Segment Start: DATASET CONTENT

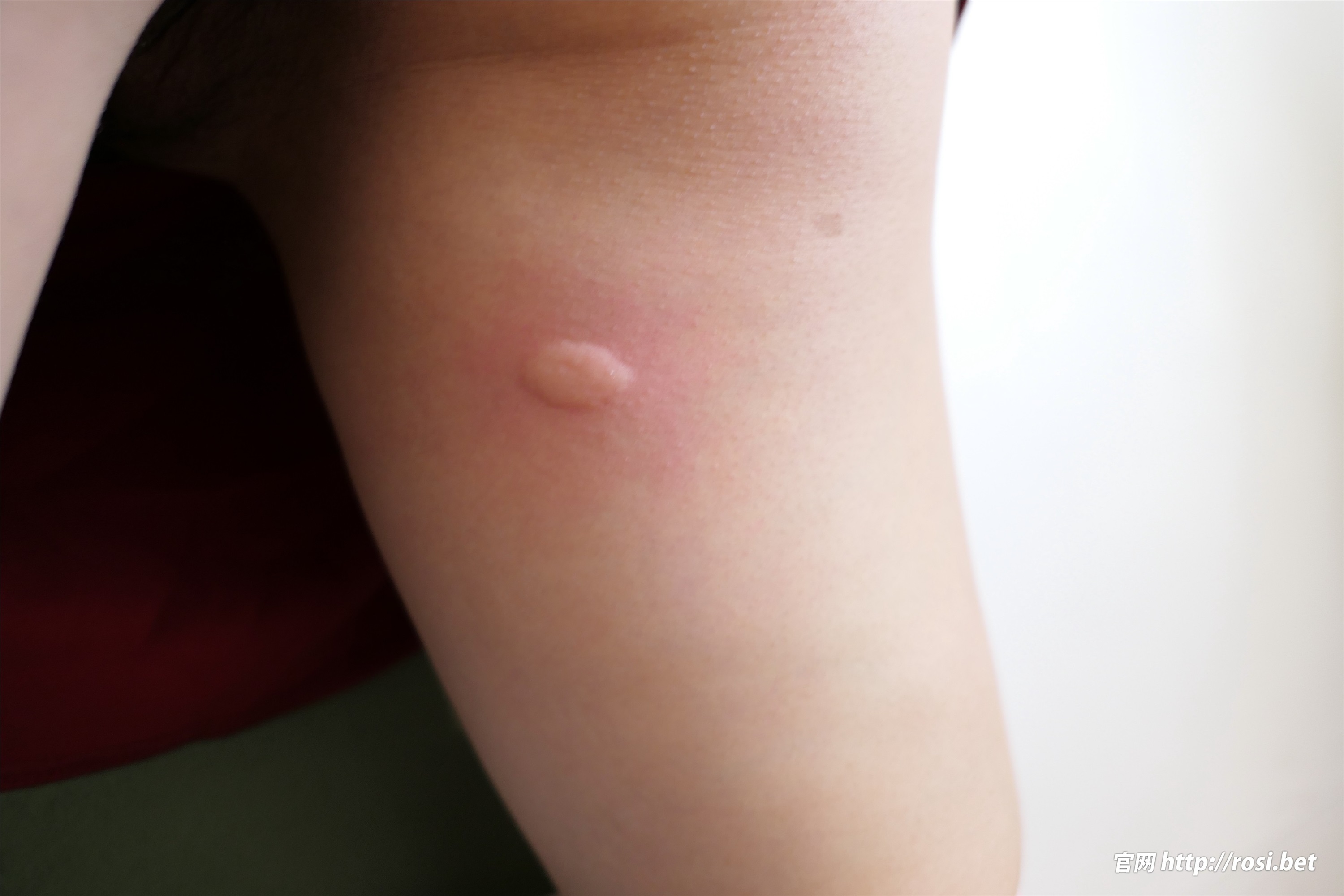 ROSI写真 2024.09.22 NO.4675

Segment End: DATASET CONTENT
Segment Start: DATASET CONTENT

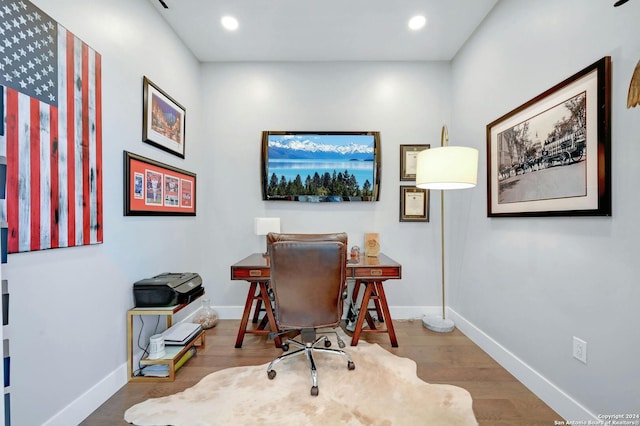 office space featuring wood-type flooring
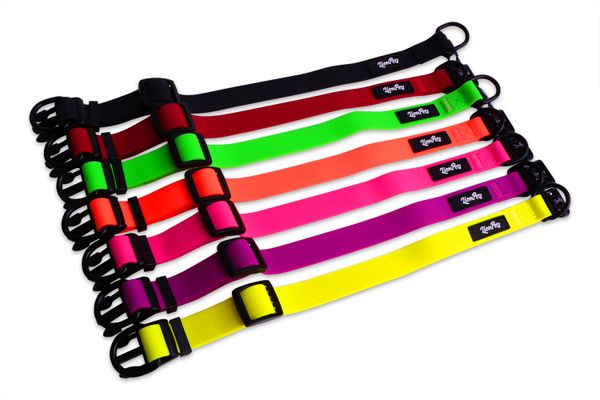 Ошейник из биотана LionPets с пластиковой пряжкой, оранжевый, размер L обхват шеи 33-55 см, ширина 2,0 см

Segment End: DATASET CONTENT

## HOW TO COMPLETE THIS TASK
Your reply is to be an exact repeat of the listing above from the line holding "office space featuring wood-type flooring" down to the line holding "Ошейник из биотана", ends included, pictures excluded.

## RESPONSE TO THIS TASK
 office space featuring wood-type flooring
 Ошейник из биотана LionPets с пластиковой пряжкой, оранжевый, размер L обхват шеи 33-55 см, ширина 2,0 см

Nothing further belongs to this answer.